**Required action:** Output all of the data below without changing a word, and exclude the pictures.

[Captioned web images]
+--

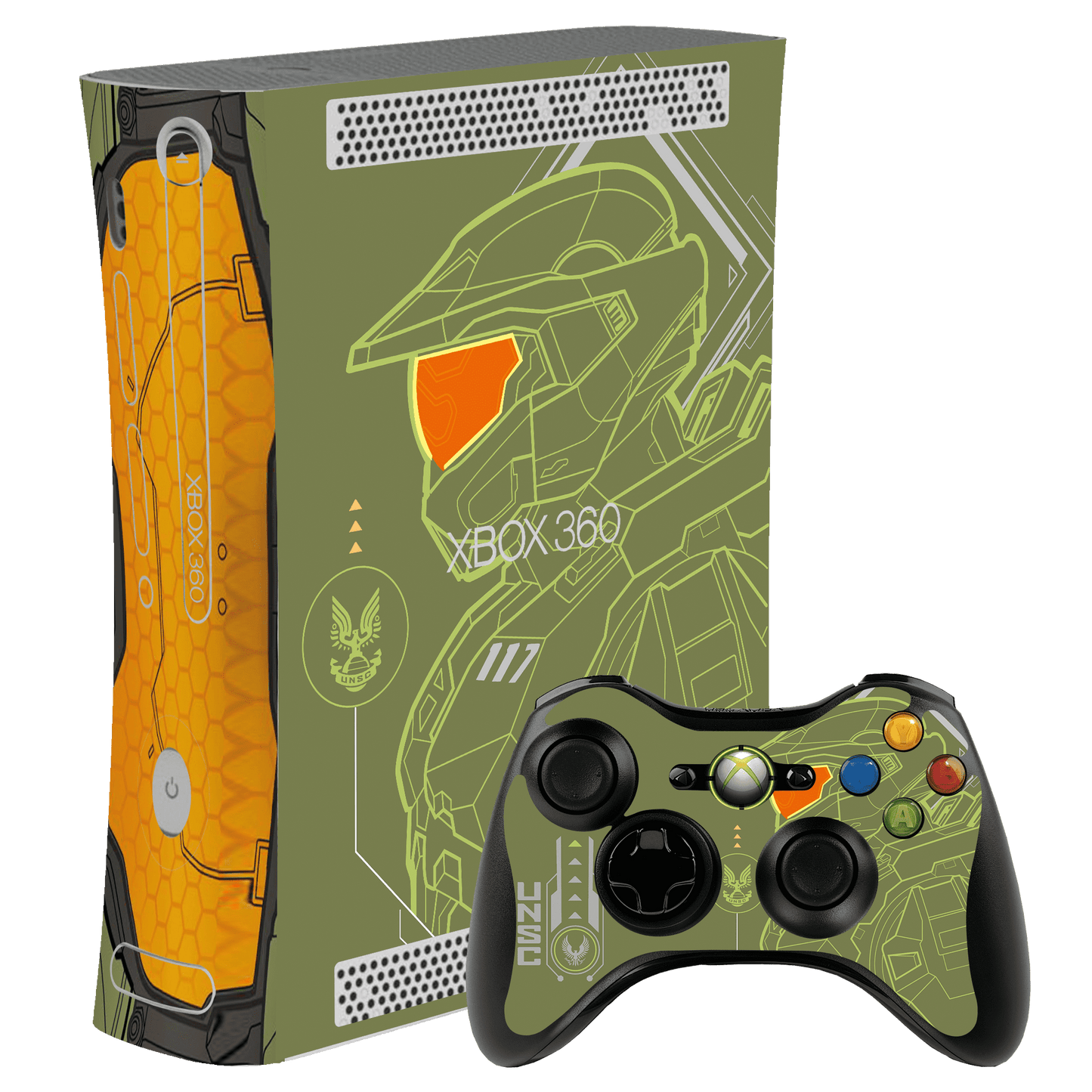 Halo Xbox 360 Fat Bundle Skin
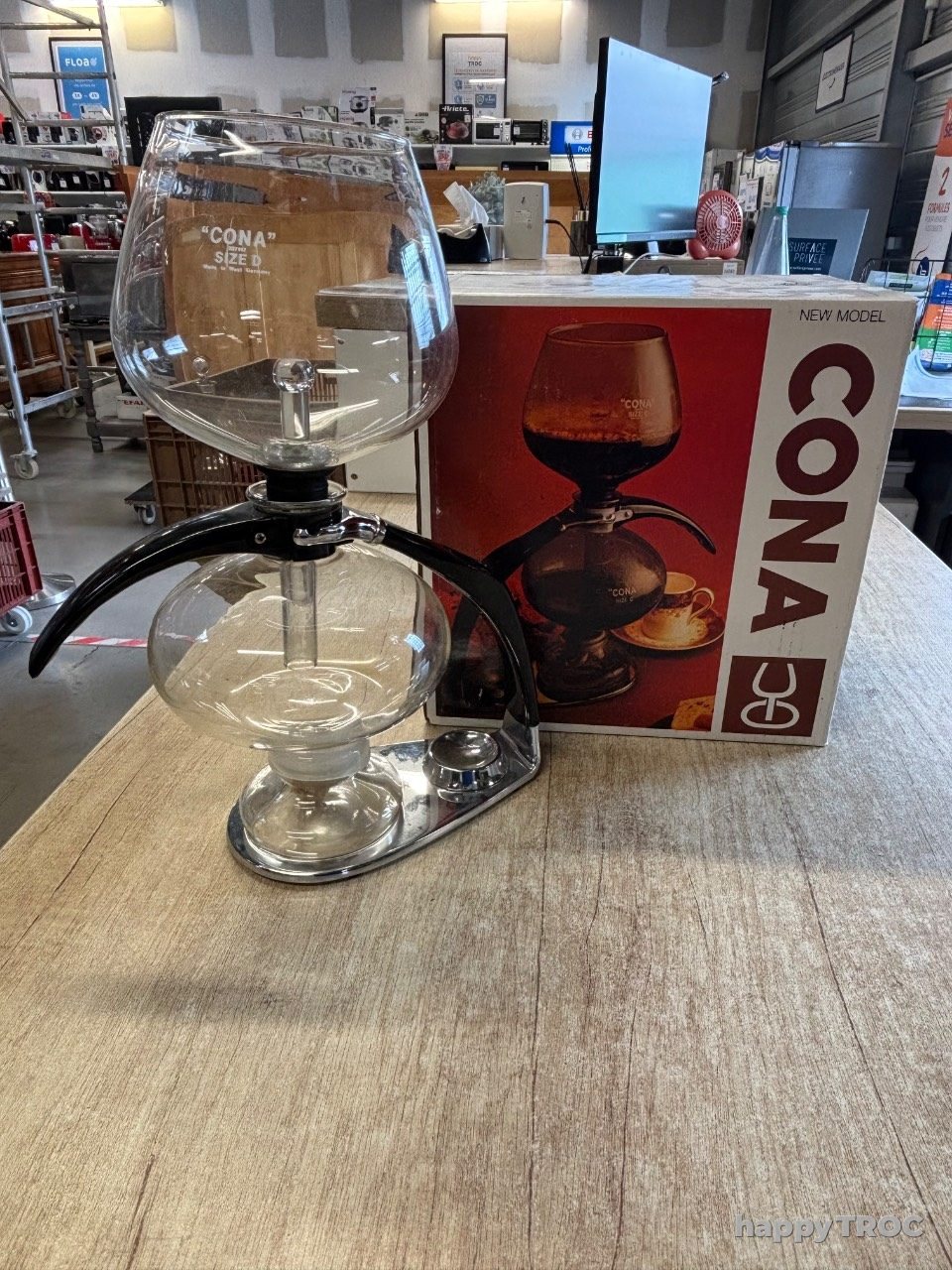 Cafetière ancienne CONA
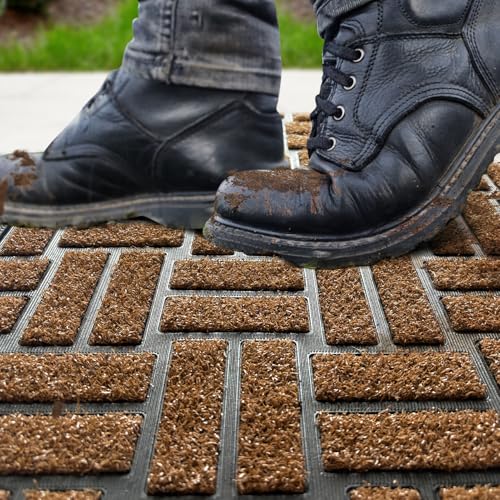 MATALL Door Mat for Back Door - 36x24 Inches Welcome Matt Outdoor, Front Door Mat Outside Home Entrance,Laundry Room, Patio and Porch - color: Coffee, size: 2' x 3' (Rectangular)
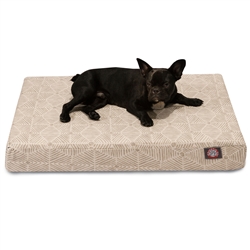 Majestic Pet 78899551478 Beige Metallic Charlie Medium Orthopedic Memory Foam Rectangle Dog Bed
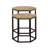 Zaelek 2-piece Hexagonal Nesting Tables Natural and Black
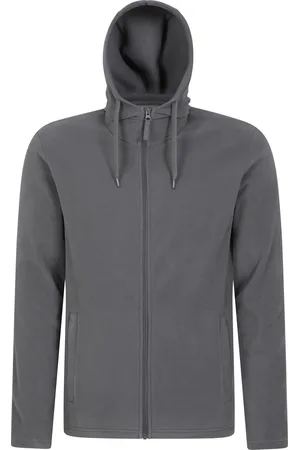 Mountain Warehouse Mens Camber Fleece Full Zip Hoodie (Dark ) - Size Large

+--

**Output for this exercise:**
 Halo Xbox 360 Fat Bundle Skin
 Cafetière ancienne CONA
 MATALL Door Mat for Back Door - 36x24 Inches Welcome Matt Outdoor, Front Door Mat Outside Home Entrance,Laundry Room, Patio and Porch - color: Coffee, size: 2' x 3' (Rectangular)
 Majestic Pet 78899551478 Beige Metallic Charlie Medium Orthopedic Memory Foam Rectangle Dog Bed
 Zaelek 2-piece Hexagonal Nesting Tables Natural and Black
 Mountain Warehouse Mens Camber Fleece Full Zip Hoodie (Dark ) - Size Large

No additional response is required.